ASF GitHub Bot (migrated from JIRA)

GitHub user PaulElschot opened a pull request:

https://github.com/apache/lucene-solr/pull/166

LUCENE-7580 of 8 Mar 2017.

Resolves a conflict with recent simplification of NearSpanUnordered.
Includes recent SpanSynonymQuery.

You can merge this pull request into a Git repository by running:

$ git pull https://github.com/PaulElschot/lucene-solr lucene7580-20170308

Alternatively you can review and apply these changes as the patch at:

https://github.com/apache/lucene-solr/pull/166.patch

To close this pull request, make a commit to your master/trunk branch with (at least) the following in the commit message:

This closes `#166`


asfimport commented 7 years ago

Paul Elschot (migrated from JIRA)

I just pushed two branches to github, pullable as:

git pull https://github.com/PaulElschot/lucene-solr lucene7580-20170326

and

git pull https://github.com/PaulElschot/lucene-solr lucene7580report-20170326

The lucene7580-20170326 branch is an update of the previous pull request with a few minor improvements. Most notable is putting SpansTreeWeight into its own source file.

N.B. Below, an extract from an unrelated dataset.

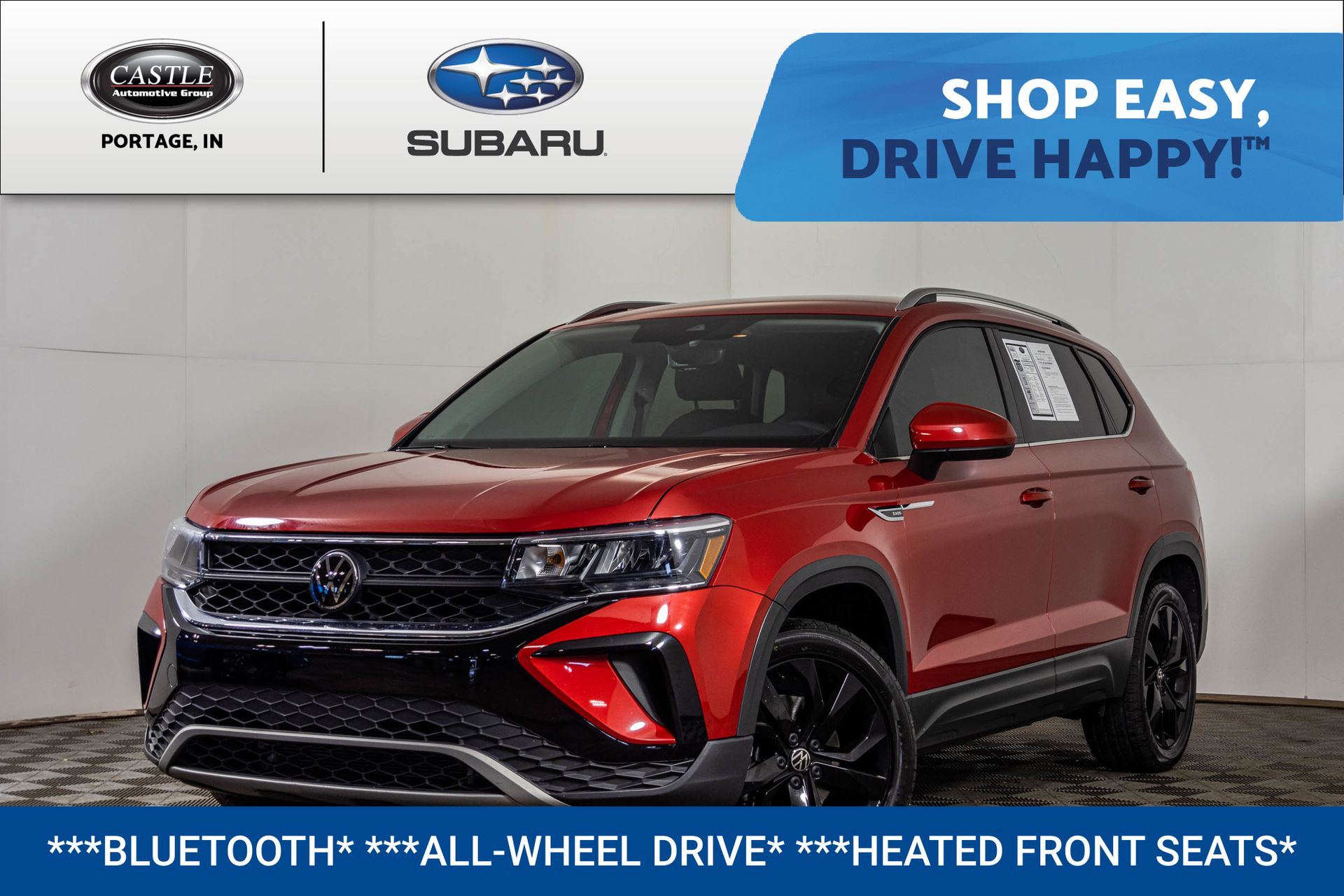 Red Metallic 2022 Volkswagen Taos SUV / Crossover All-Wheel Drive 7-Speed Dual Clutch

The lucene7580report-20170326 branch is on top of the lucene7580-20170326 branch, with the addition of the tex sources for a report on this issue. I'll attach the pdf shortly here.

asfimport commented 7 years ago

Paul Elschot (migrated from JIRA)

Report of 26 March 2017, generated from the lucene7580report-20170326 branch and renamed to include the full date in the name.

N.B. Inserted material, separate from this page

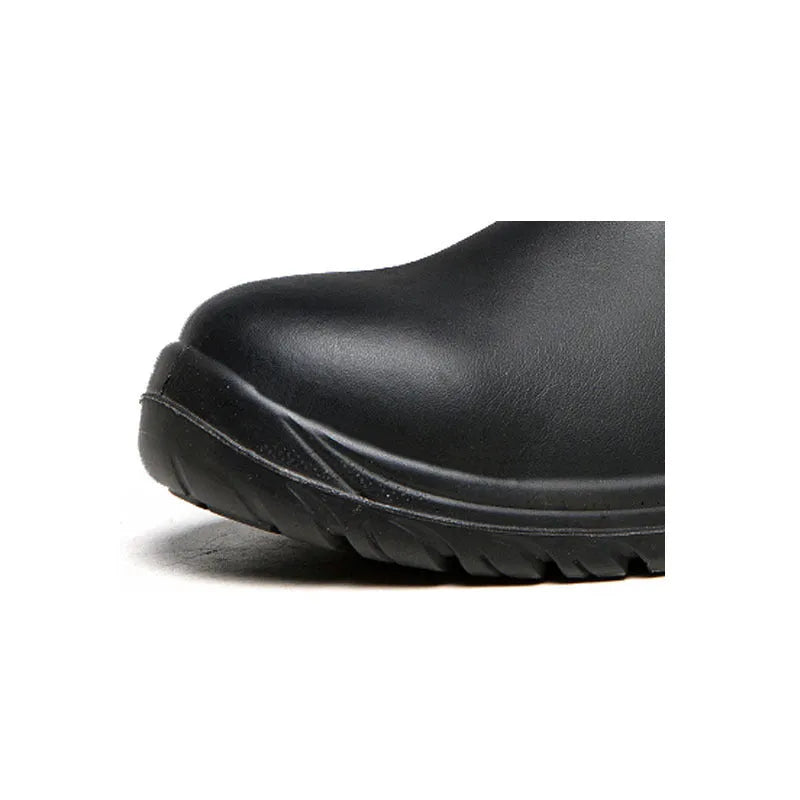 Black leather high-top safety work boots with anti-piercing protection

asfimport commented 7 years ago

ASF GitHub Bot (migrated from JIRA)

Github user PaulElschot closed the pull request at:

https://github.com/apache/lucene-solr/pull/166
asfimport commented 7 years ago

ASF GitHub Bot (migrated from JIRA)

Github user PaulElschot commented on the issue:

https://github.com/apache/lucene-solr/pull/166

Superseded earlier today.
asfimport commented 6 years ago

Paul Elschot (migrated from JIRA)

Resolved: not enough interest. I'll keep the github branches available for now.